As a severe storm system begins its march across the state, Gov. Sam Brownback urges Kansans to make their preparations to take shelter before the storm arrives in their area.
"This advice applies whether you are at home, at work, traveling or just out running some errands," said Brownback. "If you’re at home or work, head for the basement or storm shelter as soon as a warning is given. Don’t wait. If you do not have a basement or other shelter, go to an interior room or hallway on the lowest floor. If you’re away from home, find out where the nearest shelter is so you can get there immediately."

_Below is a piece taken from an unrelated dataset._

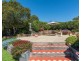 1 Helen Close, Yarra Glen VIC 3775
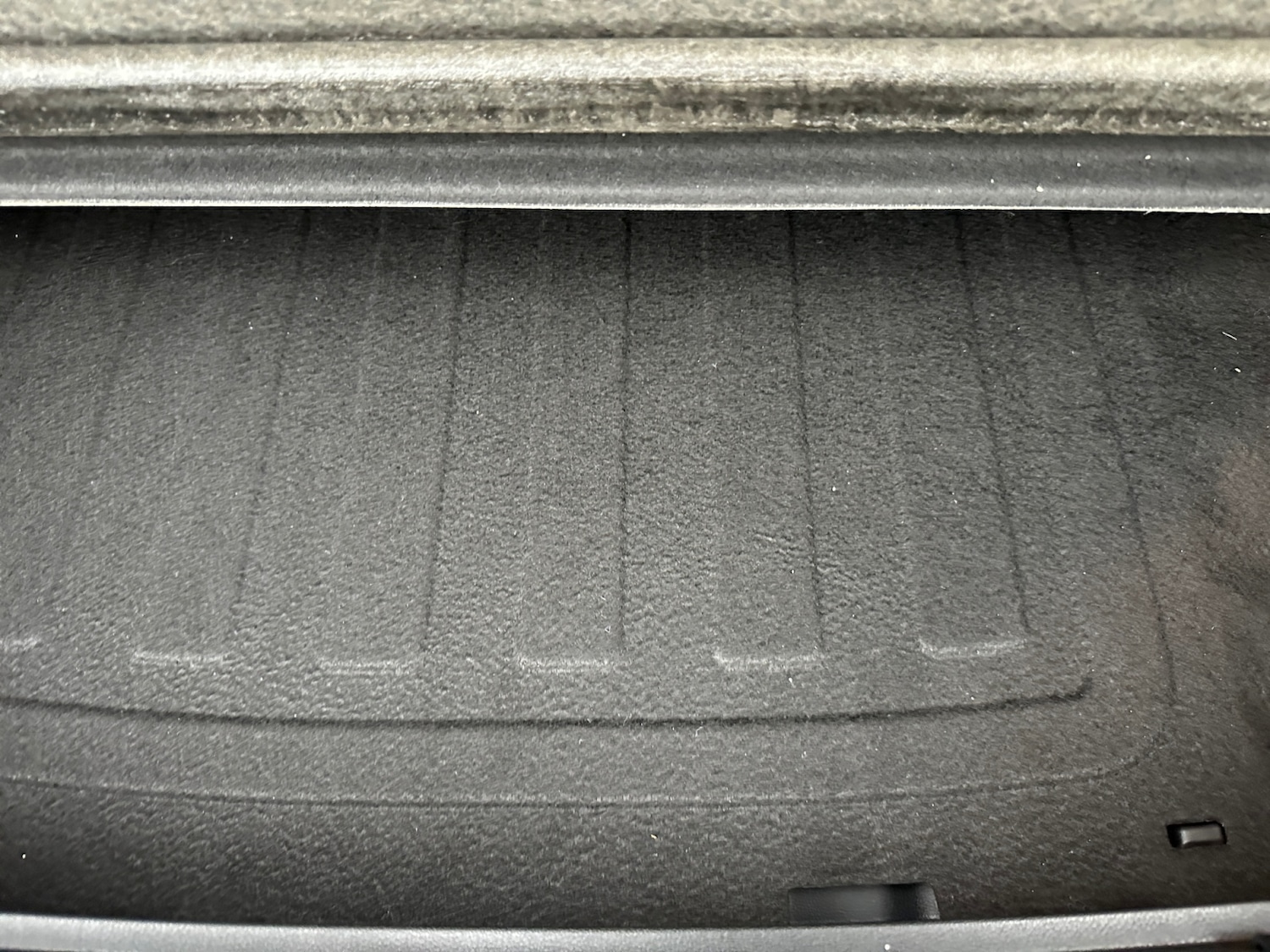 Used Hyundai BAYON 2025 for sale - 76722092: Photo 21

"If you’re on the road, get off as soon as you can and find some shelter," continued Brownback. "This storm system is very powerful and is moving very fast. Too many injuries or deaths occur during storms because people thought they could wait before heading to the basement. Please, don’t wait. Take cover as soon as the warning is given."
Kansans are urged to keep abreast of weather conditions by listening to a NOAA weather alert radio or local TV and radio stations. Have a battery-powered radio and charge cell phones in advance.
"Staying informed is one of the best things you can do to be prepared," said Maj. Gen. (KS) Lee Tafanelli, the director of the Kansas Division of Emergency Management and the adjutant general. "A weather alert radio is an excellent way to do this. If you don’t have one, turn on a local television or radio station and keep it on so that you can hear a warning as soon as it is given. Make sure you have a battery powered back-up so that you can continue to hear weather reports if you lose power."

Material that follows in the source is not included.